Thank you for stopping by here and making it clear for whom and what you are willing to make excuses. This pretty much lends credence to the point made in the Atbashian essay. Good job.

Orange said...

Wasn't Cho a business major who'd only recently switched to the English department? Maybe you should investigate the ideologies addressed in the business curriculum if you're looking to blame an academic department for Cho's crimes. (Disclaimer: I think the idea of pegging the blame for a mass murder on any field of academic inquiry to be bogus.)

Gus Van Horn said...

I did not say he did what he did because of his field of study.

The ideas that permeate a culture are not learned just from college or one's field of study. (Just look at all the "green" businessmen out there who are supporting an environmentalist agenda that will ultimately harm, if not their businesses directly, the economy as a whole.) Furthermore, since ideas motivate people, it is not enough to blame Cho, although Atbashian makes a good case for leftist ideas figuring in to why he did what he did.

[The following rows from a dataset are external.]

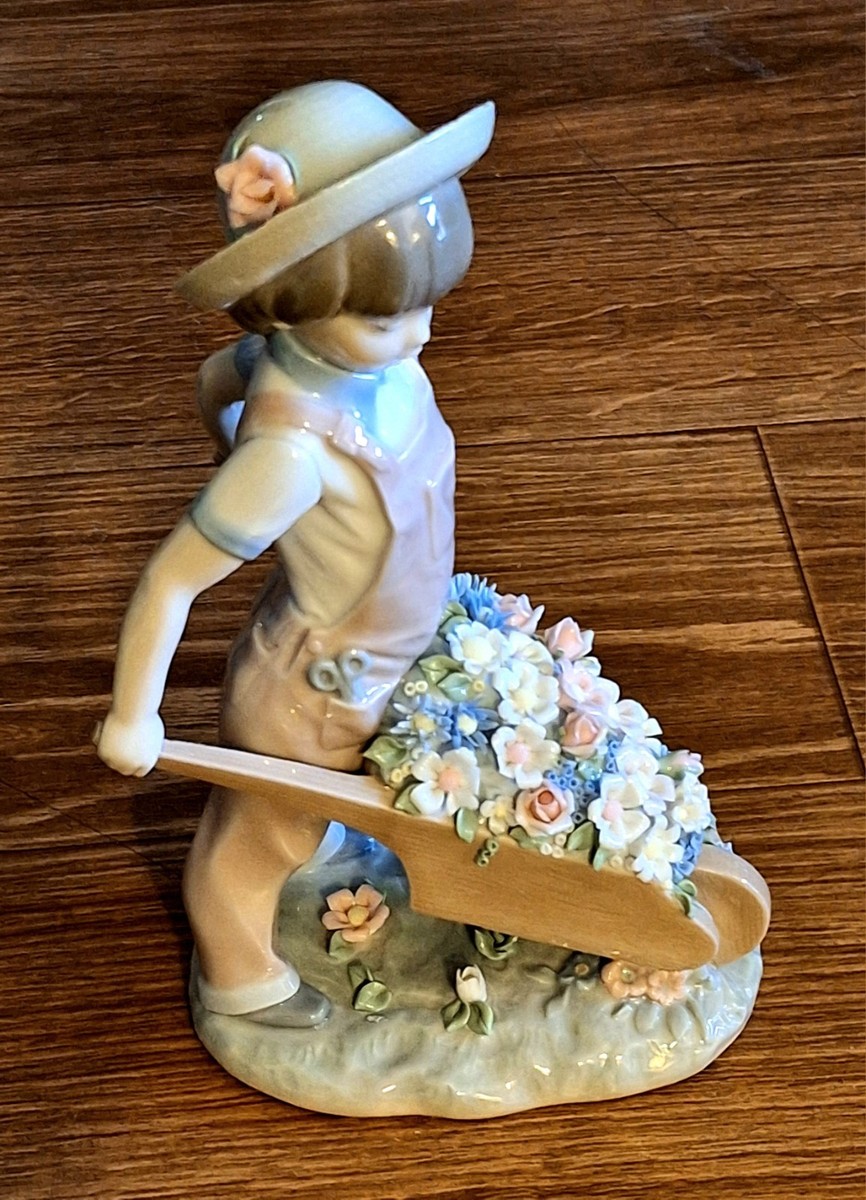 Lladro 花を持つ子供の像 N. 1.283 【公式通販】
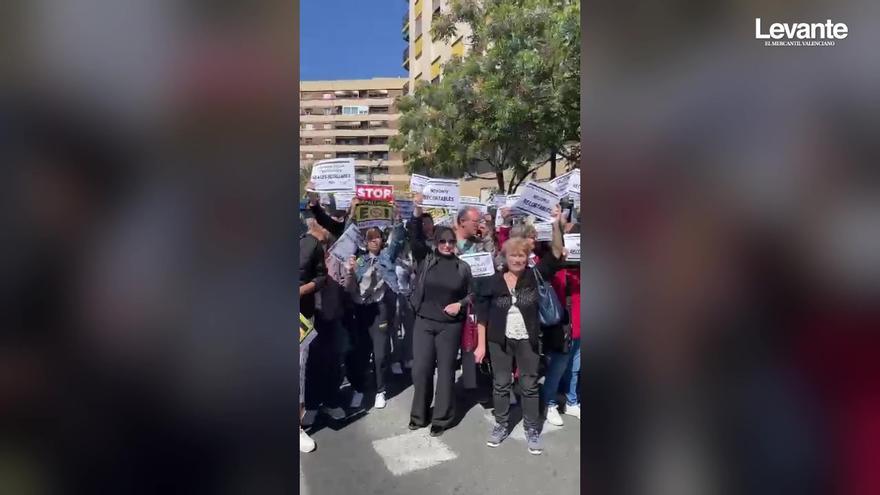 Docentes de la EOI de la Saïdia cortan una avenida en protesta por los recortes de Educación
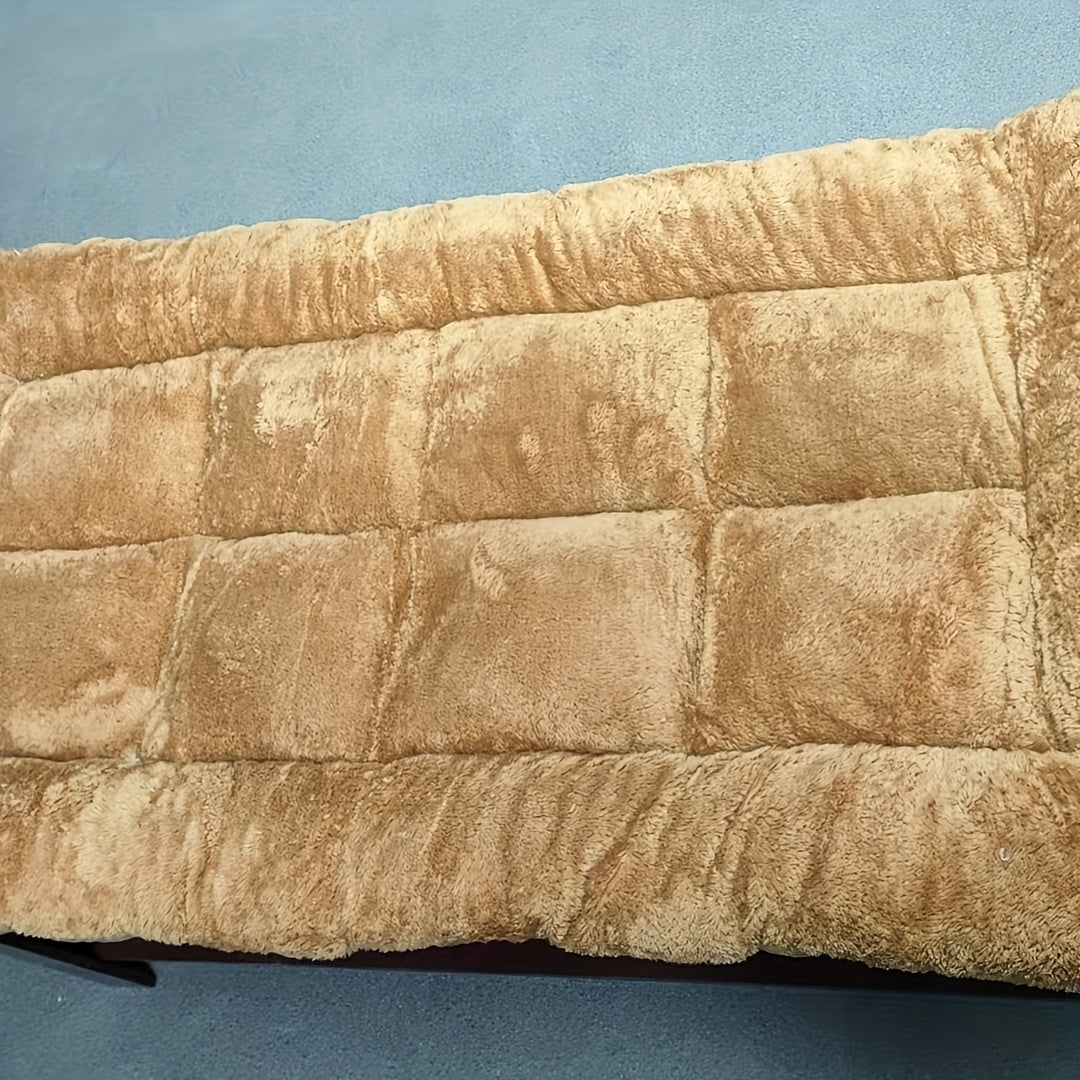 1pc Extra Large Plush Dog Bed Mat, Ultra-Soft Polyester Pet Sofa with Checkered Pattern, Thickened Fiber Filling for Cozy Comfort - Ideal for Small, Medium, and Large Dogs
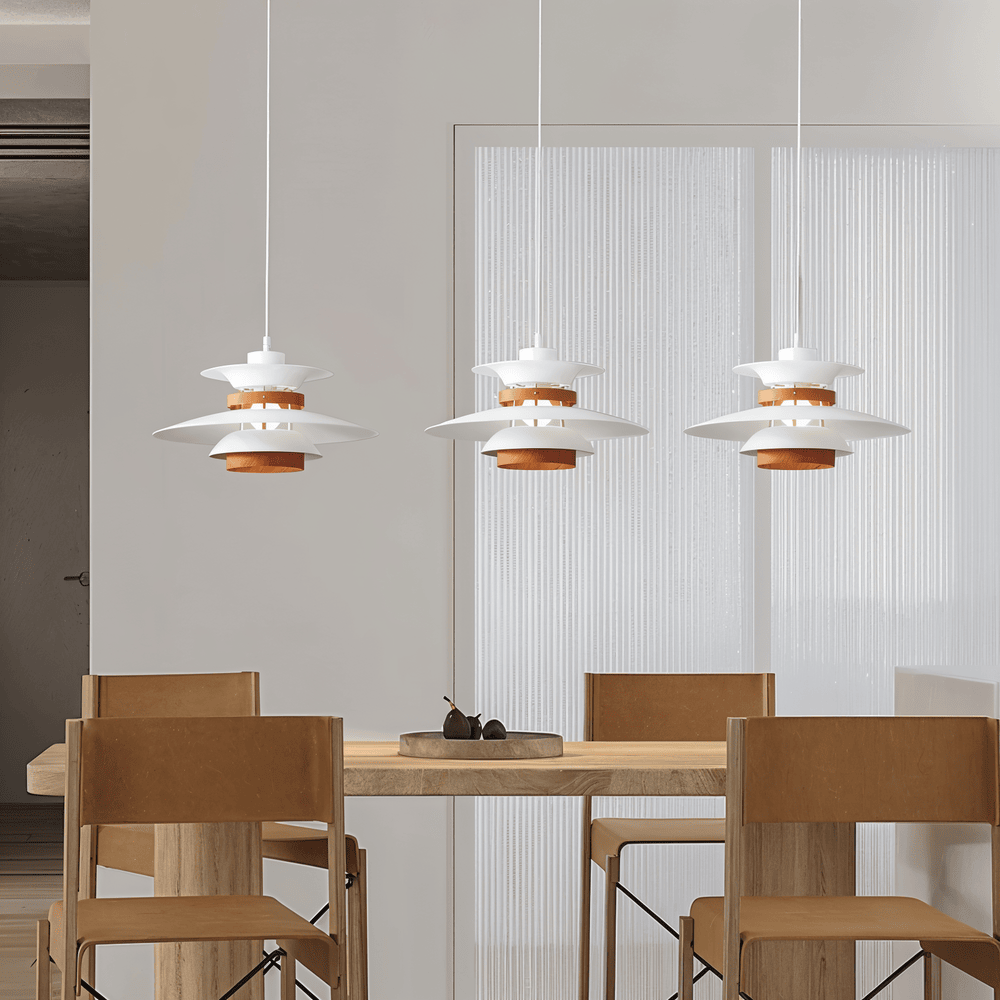 Plafonnier style scandinave, design épuré pour maison contemporaine.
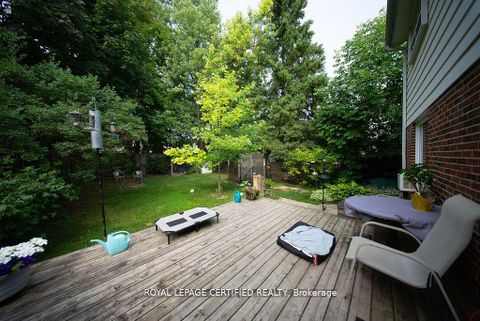 Photo 27 at 386 Handley Crescent, Central Newmarket, Newmarket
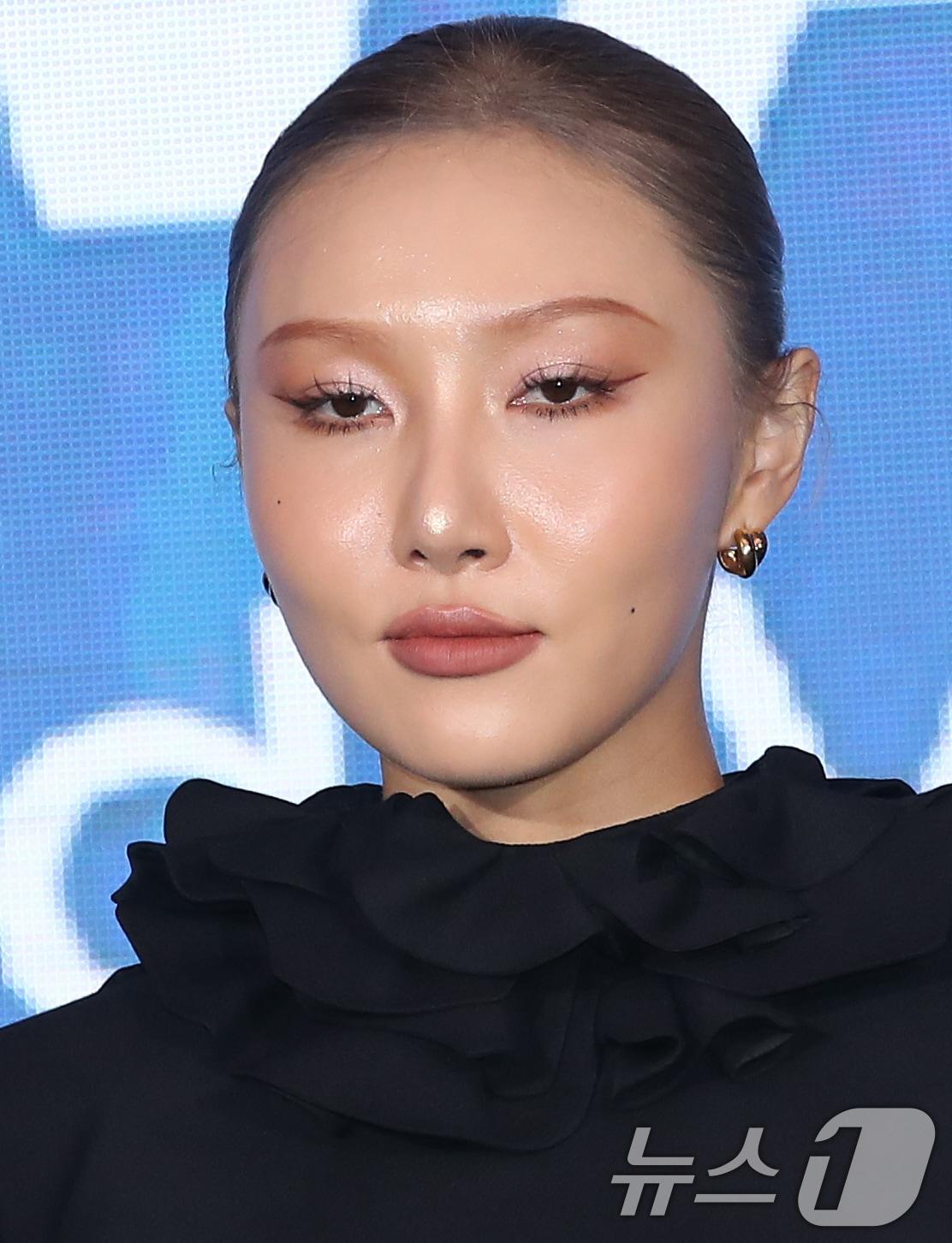 본문 이미지 - 가수 화사가 파격적인 올백머리로 눈길을 끌었다. ⓒ News1 권현진 기자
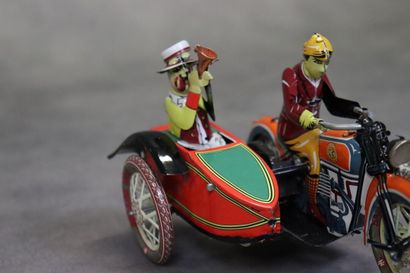 Réunion de deux motos mécaniques en tôle...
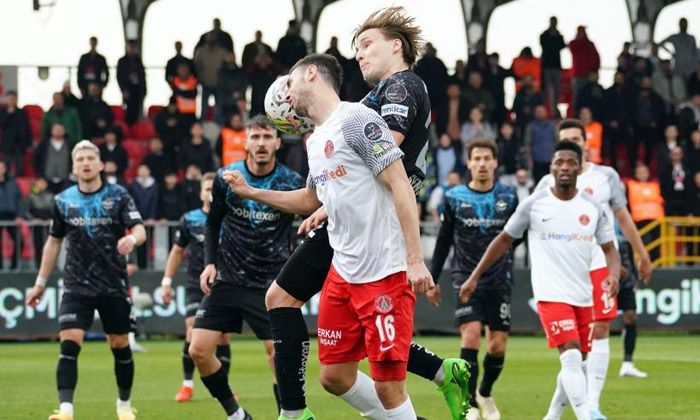 Ümraniyespor 1 puanı son dakikada kurtardı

Ideas also motivated everyone around him: from the people in the court that declared him an "imminent danger", but allowed him to remain free (or the legislators who hogtied them, as the case may be); to those who encouraged his type of artistic expression; to those who helped transform so many of the people around him into mentally passive adults (See Mark Steyn.).

In other words, some of these ideas motivated Cho, and some made the rest of us more easily harmed by his ilk.

I will stop here and say that while I find the ideas of the left largely to blame, the left is merely a secularized derivative of Christianity, but stripped of much of its Enlightenment respect for reason. (And if you don't buy that, you should ask youself why so many Christians so easily accept environmentalism as "stewardship".) Ultimately, religion bears lots of this blame, too. But then, that is why I advocate neither religion nor socialism, but reason, and specifically, the ideas of Ayn Rand.